Work item. Skip the pictures, and retype the data below in full, exactly.

Raw data.
☆ ☆ ☆
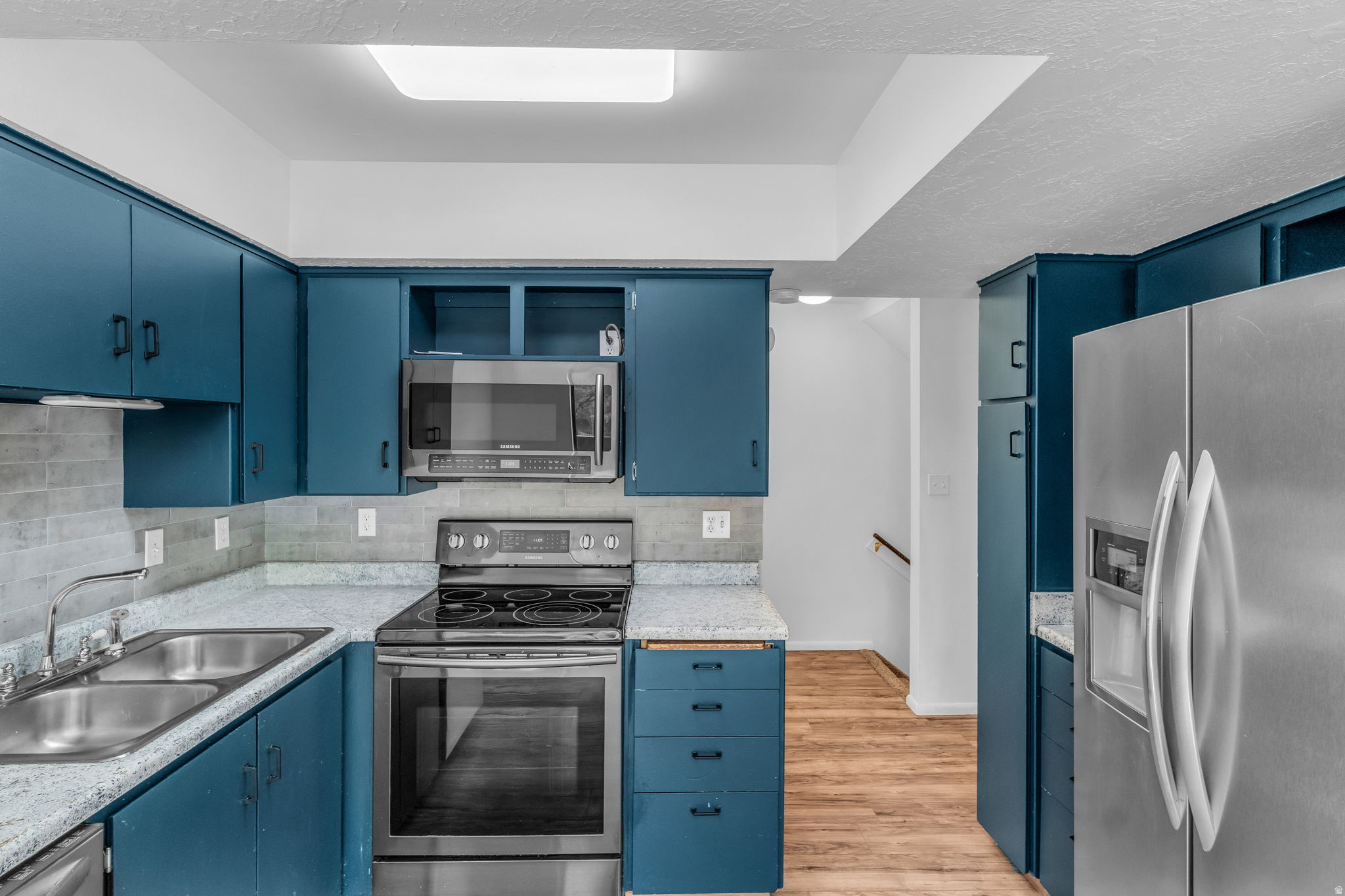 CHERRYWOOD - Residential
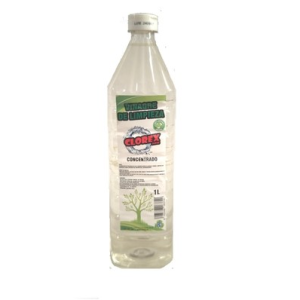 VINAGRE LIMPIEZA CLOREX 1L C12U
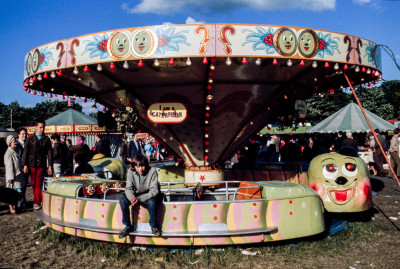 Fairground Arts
☆ ☆ ☆
Your response.
 CHERRYWOOD - Residential
 VINAGRE LIMPIEZA CLOREX 1L C12U
 Fairground Arts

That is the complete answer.